:: WHAT YOU ARE ASKED TO DO ::
Report every line below that holds the word "image".

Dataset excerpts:
╭──

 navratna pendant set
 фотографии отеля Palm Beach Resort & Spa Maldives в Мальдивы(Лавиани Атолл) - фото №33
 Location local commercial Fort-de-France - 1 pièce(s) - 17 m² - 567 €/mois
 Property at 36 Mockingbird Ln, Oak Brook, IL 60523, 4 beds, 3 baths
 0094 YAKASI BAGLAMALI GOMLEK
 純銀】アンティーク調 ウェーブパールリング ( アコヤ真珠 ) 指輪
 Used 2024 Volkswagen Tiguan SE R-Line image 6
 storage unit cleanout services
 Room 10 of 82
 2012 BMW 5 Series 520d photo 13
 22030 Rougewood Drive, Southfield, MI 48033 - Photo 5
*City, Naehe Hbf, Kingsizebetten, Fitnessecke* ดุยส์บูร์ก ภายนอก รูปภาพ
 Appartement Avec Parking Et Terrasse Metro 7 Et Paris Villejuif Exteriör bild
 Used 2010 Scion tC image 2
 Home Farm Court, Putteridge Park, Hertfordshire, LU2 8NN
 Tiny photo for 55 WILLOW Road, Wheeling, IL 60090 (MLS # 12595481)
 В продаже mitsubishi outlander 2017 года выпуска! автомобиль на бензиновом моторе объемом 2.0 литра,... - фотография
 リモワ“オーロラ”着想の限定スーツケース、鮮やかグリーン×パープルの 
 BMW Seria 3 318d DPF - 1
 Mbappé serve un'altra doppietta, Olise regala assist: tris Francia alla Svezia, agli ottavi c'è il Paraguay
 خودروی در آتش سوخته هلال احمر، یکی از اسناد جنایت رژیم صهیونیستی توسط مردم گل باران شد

╰──

:: RESULT FOR THIS TASK ::
 Used 2024 Volkswagen Tiguan SE R-Line image 6
 Used 2010 Scion tC image 2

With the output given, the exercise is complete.